Exercise requirements:
Give back exactly the lines of the material below that start at the line containing "2021 Porsche Cayenne Cayenne" and end at the line containing "Pont de Zeeland", and no others.

Data:
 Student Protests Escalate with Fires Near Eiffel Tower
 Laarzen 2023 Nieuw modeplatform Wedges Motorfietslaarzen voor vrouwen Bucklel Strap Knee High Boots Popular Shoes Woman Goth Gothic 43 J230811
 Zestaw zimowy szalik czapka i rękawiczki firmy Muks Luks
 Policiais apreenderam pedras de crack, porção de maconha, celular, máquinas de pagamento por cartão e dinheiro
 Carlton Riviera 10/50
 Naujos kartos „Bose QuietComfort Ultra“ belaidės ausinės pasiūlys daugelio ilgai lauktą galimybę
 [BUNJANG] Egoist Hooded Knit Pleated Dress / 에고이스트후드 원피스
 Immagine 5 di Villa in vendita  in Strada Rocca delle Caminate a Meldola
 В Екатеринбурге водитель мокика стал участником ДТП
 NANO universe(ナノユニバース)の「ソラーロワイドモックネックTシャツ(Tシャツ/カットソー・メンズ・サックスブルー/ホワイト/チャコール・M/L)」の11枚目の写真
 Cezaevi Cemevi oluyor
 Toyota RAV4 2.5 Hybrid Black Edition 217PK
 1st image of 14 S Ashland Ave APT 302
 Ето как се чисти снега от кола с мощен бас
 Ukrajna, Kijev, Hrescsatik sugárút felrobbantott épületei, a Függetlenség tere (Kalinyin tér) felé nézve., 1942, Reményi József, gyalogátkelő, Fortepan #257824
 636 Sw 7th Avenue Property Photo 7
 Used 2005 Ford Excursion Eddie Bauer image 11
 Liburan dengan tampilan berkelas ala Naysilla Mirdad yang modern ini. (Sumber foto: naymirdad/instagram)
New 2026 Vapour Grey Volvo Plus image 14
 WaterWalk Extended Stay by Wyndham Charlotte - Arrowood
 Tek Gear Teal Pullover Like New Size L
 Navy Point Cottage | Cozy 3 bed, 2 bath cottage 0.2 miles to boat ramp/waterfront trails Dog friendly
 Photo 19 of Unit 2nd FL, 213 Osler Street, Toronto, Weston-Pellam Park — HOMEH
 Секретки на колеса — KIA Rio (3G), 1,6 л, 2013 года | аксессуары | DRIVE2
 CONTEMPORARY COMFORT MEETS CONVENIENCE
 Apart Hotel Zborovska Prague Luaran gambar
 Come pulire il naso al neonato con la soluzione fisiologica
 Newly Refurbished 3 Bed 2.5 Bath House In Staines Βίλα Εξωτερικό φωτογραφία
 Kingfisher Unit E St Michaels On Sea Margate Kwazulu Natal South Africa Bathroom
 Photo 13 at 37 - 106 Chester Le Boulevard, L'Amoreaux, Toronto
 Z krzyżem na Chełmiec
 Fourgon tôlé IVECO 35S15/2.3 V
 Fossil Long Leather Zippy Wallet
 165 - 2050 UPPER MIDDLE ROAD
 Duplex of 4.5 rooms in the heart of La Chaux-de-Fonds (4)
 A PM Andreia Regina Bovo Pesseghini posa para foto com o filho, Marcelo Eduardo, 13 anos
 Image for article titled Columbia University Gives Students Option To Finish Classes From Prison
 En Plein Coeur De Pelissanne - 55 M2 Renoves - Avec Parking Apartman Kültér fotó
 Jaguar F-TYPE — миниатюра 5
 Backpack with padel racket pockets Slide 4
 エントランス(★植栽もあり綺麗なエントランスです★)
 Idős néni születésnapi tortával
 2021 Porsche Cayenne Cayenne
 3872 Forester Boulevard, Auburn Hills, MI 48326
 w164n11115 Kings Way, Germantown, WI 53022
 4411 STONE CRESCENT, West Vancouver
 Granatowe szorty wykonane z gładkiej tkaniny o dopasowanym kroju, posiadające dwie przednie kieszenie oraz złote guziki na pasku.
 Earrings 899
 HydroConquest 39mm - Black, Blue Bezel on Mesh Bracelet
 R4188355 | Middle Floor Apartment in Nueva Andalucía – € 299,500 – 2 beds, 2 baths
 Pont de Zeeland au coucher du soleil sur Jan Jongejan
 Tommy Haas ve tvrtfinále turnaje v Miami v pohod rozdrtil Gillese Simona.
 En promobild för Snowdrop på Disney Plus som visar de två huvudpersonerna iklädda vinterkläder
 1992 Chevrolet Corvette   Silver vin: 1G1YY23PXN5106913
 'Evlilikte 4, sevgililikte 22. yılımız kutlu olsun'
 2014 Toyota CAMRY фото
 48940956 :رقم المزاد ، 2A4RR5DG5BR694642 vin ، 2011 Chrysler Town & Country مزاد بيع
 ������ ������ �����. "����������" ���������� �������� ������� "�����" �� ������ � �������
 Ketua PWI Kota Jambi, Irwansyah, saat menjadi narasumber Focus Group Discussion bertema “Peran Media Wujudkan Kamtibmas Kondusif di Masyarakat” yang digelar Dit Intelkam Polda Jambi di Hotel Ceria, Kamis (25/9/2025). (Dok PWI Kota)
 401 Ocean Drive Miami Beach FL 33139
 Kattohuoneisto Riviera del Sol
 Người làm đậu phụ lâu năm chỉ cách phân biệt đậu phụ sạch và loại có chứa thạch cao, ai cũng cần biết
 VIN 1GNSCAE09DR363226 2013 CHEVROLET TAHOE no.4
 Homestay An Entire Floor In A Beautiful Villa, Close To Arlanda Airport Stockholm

Written response:
 2021 Porsche Cayenne Cayenne
 3872 Forester Boulevard, Auburn Hills, MI 48326
 w164n11115 Kings Way, Germantown, WI 53022
 4411 STONE CRESCENT, West Vancouver
 Granatowe szorty wykonane z gładkiej tkaniny o dopasowanym kroju, posiadające dwie przednie kieszenie oraz złote guziki na pasku.
 Earrings 899
 HydroConquest 39mm - Black, Blue Bezel on Mesh Bracelet
 R4188355 | Middle Floor Apartment in Nueva Andalucía – € 299,500 – 2 beds, 2 baths
 Pont de Zeeland au coucher du soleil sur Jan Jongejan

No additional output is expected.